(Task item): The expected answer is the data below, printed verbatim without its pictures.

(Dataset content):
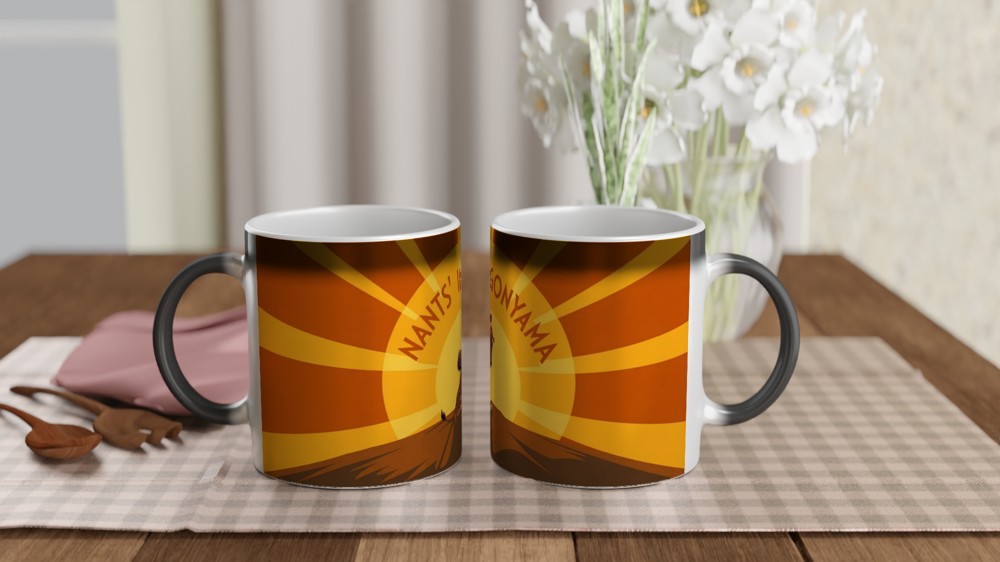 Lion King Mug | 'Nants' Ingonyama' Quote | Musical Theatre Gift | West End Theatre Lover Present — view 3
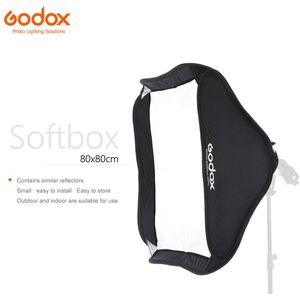 Godox Softbox 80X80 Cm Diffuser Reflector Voor Speedlite Flash Light Professionele Photo Studio Camera Flash Fit Bowens Elinchrom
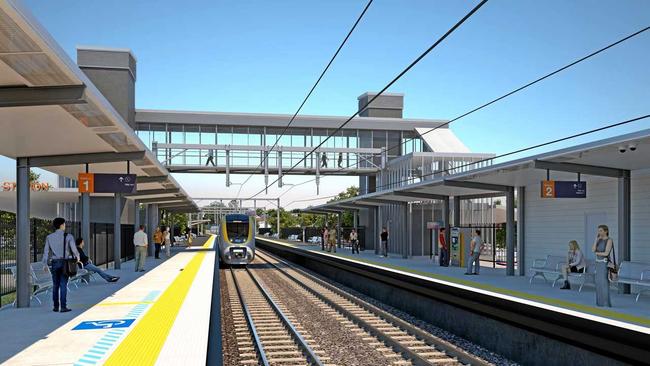 Ipswich commuters and residents are being invited to have their say on concept designs for a new East Ipswich train station.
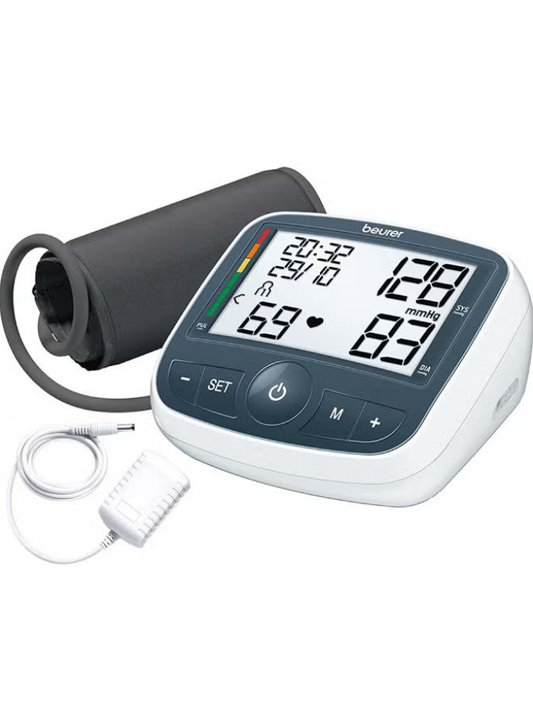 Beurer BM40 Upper Arm Automatic Blood Pressure + adapter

(Written solution):
 Lion King Mug | 'Nants' Ingonyama' Quote | Musical Theatre Gift | West End Theatre Lover Present — view 3
 Godox Softbox 80X80 Cm Diffuser Reflector Voor Speedlite Flash Light Professionele Photo Studio Camera Flash Fit Bowens Elinchrom
 Ipswich commuters and residents are being invited to have their say on concept designs for a new East Ipswich train station.
 Beurer BM40 Upper Arm Automatic Blood Pressure + adapter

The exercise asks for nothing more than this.